The test matches the documened semantic, so in that sense it's correctly
detecting that arm64 doesn't match the documentation.
Whether the documentation is right is clearly the key issue here. :)
> > +/*
> > + * Generate the size and offset combinations to test.
> > + *
> > + * Usercopies may have different paths for small/medium/large copies, but
> > + * typically max out at 64 byte chunks. We test sizes 0 to 128 bytes to check
> > + * all combinations of leading/trailing chunks and bulk copies.
> > + *
> > + * For each size, we test every offset relative to a leading and trailing page
> > + * boundary (i.e. [size, 0] and [PAGE_SIZE - size, PAGE_SIZE]) to check every
> > + * possible faulting boundary.
> > + */
> > +#define for_each_size_offset(size, offset) \
> > + for (unsigned long size = 0; size <= 128; size++) \
> > + for (long offset = -size; \
> > + offset <= (long)PAGE_SIZE; \
> > + offset = (offset ? offset + 1: (PAGE_SIZE - size)))
> > +
> > +static void test_copy_to_user(struct kunit *test)
> > +{
> > + const struct usercopy_env *env = test->priv;
> > +
> > + for_each_size_offset(size, offset) {
> > + const struct usercopy_params params = {
> > + .size = size,
> > + .offset = offset,
> > + };
> > + unsigned long ret;
> > +
> > + buf_init_zero(env->ubuf);
> > + buf_init_pattern(env->kbuf);
> > +
> > + ret = do_copy_to_user(env, ¶ms);
> > +
> > + assert_size_valid(test, ¶ms, ret);
> > + assert_src_valid(test, ¶ms, env->kbuf, 0, ret);
> > + assert_dst_valid(test, ¶ms, env->ubuf, params.offset, ret);
> > + assert_copy_valid(test, ¶ms,
> > + env->ubuf, params.offset,
> > + env->kbuf, 0,
> > + ret);
> > + }
> > +}
>
> IIUC, in such tests you only vary the destination offset. Our copy
> routines in general try to align the source and leave the destination
> unaligned for performance. It would be interesting to add some variation
> on the source offset as well to spot potential issues with that part of
> the memcpy routines.
I have that on my TODO list; I had intended to drop that into the
usercopy_params. The only problem is that the cross product of size,
src_offset, and dst_offset gets quite large.
Thanks,
Mark.
From: Mark Rutland
> Sent: 22 March 2023 14:05
....
> > IIUC, in such tests you only vary the destination offset. Our copy
> > routines in general try to align the source and leave the destination
> > unaligned for performance. It would be interesting to add some variation
> > on the source offset as well to spot potential issues with that part of
> > the memcpy routines.
>
> I have that on my TODO list; I had intended to drop that into the
> usercopy_params. The only problem is that the cross product of size,
> src_offset, and dst_offset gets quite large.

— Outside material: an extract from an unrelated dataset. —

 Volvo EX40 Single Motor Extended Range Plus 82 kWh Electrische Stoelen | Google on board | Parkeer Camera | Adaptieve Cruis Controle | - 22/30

I thought that is was better to align the writes and do misaligned reads.
Although maybe copy_to/from_user() would be best aligning the user address
(to avoid page faults part way through a misaligned access).
OTOH, on x86, is it even worth bothering at all.
I have measured a performance drop for misaligned reads, but it
was less than 1 clock per cache line in a test that was doing
2 misaligned reads in at least some of the clock cycles.
I think the memory read path can do two AVX reads each clock.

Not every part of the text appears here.